In Summer 2019, I participated in PRISM with faculty member Dr. Kathy Gee and partner Curran Atkinson.
Perspectives on Research in Science and Mathematics, or PRISM, is an intense and competitive 8-week summer research experience.
We researched control and mitigation techniques for mosquitoes in rainwater harvesting systems. Rainwater harvesting is a viable method for stormwater management; however, they can attract mosquitoes when unmaintained. As this increases as a public health risk due to their capability of spreading arboviral diseases, it is important to provide rainwater harvesting system owners with a successful method of controlling mosquitoes. The goal of this study was to evaluate four techniques that could potentially decrease the presence of mosquitoes in rainwater harvesting systems. In three rounds, we sampled mosquito larvae and adults to determine which was the most effective in reducing mosquito populations. Treatments tested include: two types of biological larvicide (Natular® DT Tablets and Mosquito Dunks®), screening an/or sealing any entrances in the tank, and weekly draining of the tank via an automated valve. Larvae were trapped using larval traps replicated from Harrison et al., 1982. Adults were also sampled using Gravid and BG-Sentinel traps as an environmental comparison. Larvae and adults were counted and identified to species. Although the results are being statistically evaluated at this time, the results from this research could potentially be presented to rainwater harvesting system owners to inform them on effective treatment methods for mosquitoes and increase public safety. This research experience has made me realize how climate change is impacting public health.

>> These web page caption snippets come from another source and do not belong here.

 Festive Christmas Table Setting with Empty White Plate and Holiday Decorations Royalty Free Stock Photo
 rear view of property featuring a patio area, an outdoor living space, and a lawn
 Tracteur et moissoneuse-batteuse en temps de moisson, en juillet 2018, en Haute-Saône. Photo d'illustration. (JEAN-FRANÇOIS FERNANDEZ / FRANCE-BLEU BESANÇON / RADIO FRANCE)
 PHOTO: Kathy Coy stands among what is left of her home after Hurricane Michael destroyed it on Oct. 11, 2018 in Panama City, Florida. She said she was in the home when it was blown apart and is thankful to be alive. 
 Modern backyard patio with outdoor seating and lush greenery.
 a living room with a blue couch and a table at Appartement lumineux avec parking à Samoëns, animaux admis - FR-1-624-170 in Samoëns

PRISM has been a pivotal point in my undergraduate career. Throughout the eight weeks, I was constantly learning through my research, and Dr. Gee challenged me with our intensive field work and laboratory skills. In the end, my confidence soared as an aspiring scientist. This program is critical for fostering the gifts of young science students at Longwood and creating a meaningful experience for a future generation of researchers and citizen leaders. I am grateful to have had the opportunity to do graduate-level work as a rising junior.

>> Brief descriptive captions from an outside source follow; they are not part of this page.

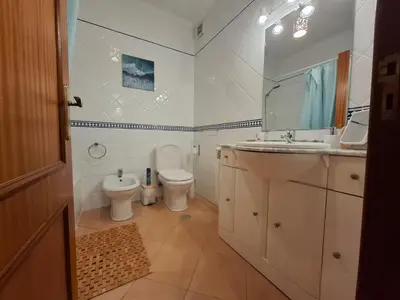 a bathroom with a toilet and a sink and a mirror at Arrifana Beach House - T2 Haller in Aljezur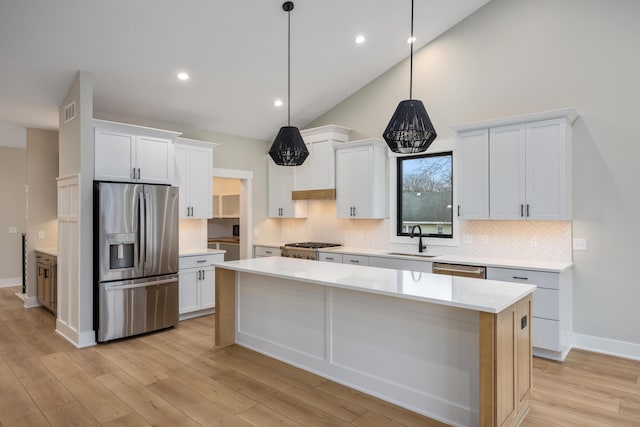 7701 Fase St SE Lot 15, Ada, MI 49301 - kitchen with a sink, appliances with stainless steel finishes, a kitchen island, and tasteful backsplash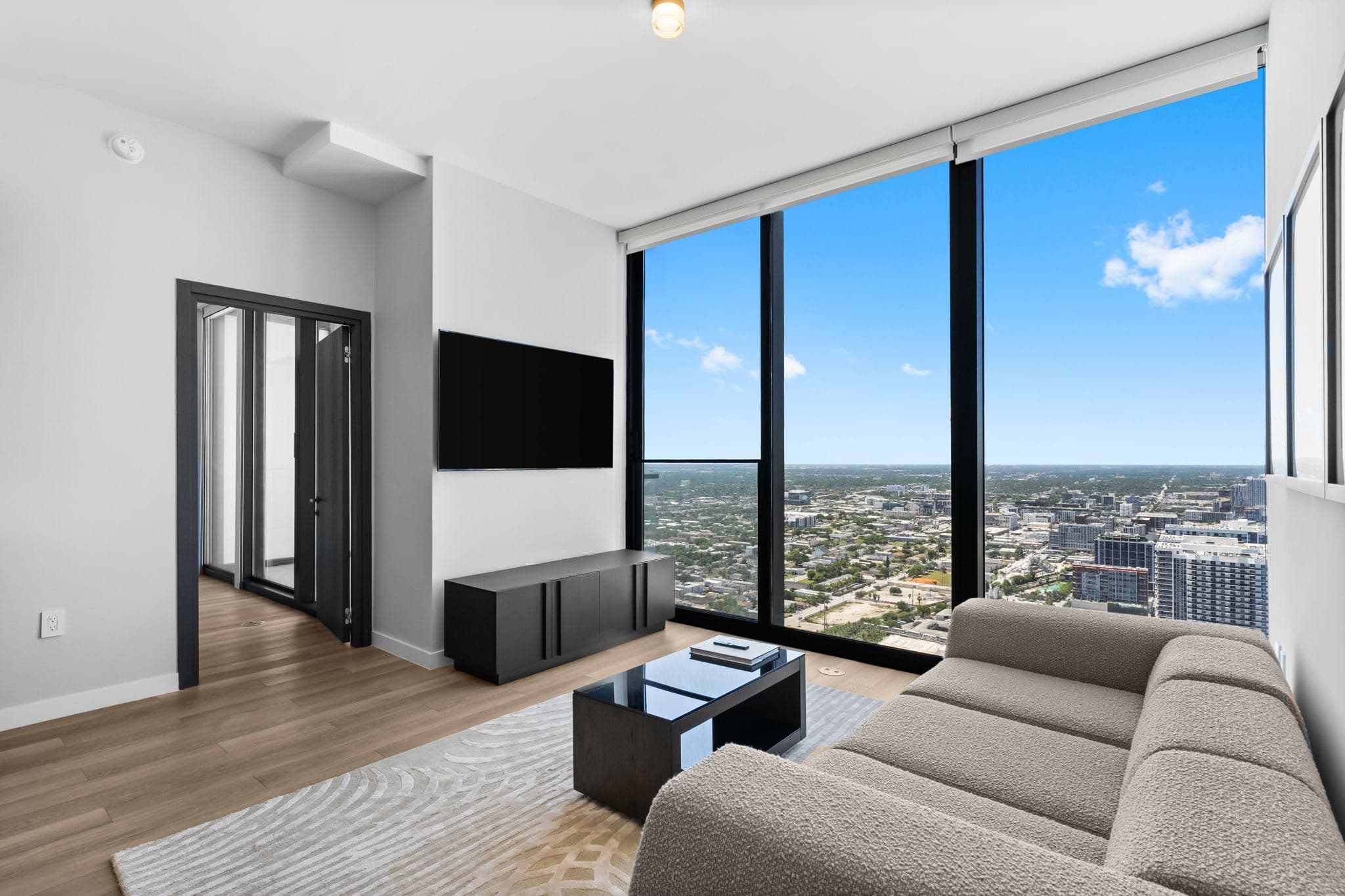 Living room with a sofa and city-view windows.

The artifact I chose was our submission for the student poster competition at the 73rd Annual Virginia Mosquito Control Association Conference in Virginia Beach. The conference took place from January 27th – 29th. We placed 4th in the competition. The conference allowed my research team to network with mosquito control municipalities across the state of Virginia. Also, we were able to learn about current research being conducted in public health, stormwater management, and mosquito control thatrelated to our project.